— SUPPLIED DATA —
▼

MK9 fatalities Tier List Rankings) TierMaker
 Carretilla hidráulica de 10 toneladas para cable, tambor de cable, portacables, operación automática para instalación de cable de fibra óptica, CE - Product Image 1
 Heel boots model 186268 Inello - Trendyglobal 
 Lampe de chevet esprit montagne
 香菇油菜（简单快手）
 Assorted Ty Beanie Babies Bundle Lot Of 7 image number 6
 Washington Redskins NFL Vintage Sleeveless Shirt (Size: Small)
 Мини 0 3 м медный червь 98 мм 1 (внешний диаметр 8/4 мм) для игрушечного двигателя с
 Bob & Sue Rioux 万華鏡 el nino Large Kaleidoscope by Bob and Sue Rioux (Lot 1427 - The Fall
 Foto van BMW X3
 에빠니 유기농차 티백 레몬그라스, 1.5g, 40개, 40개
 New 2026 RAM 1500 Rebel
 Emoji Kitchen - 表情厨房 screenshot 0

▲

— TASK BRIEF —
Lines from the one containing "에빠니 유기농차 티백 레몬그라스, 1.5g, 40개, 40개" through the last line of the records, both included, are the only ones to print, each exactly as it is.

— ANSWER TO THIS PROBLEM —
 에빠니 유기농차 티백 레몬그라스, 1.5g, 40개, 40개
 New 2026 RAM 1500 Rebel
 Emoji Kitchen - 表情厨房 screenshot 0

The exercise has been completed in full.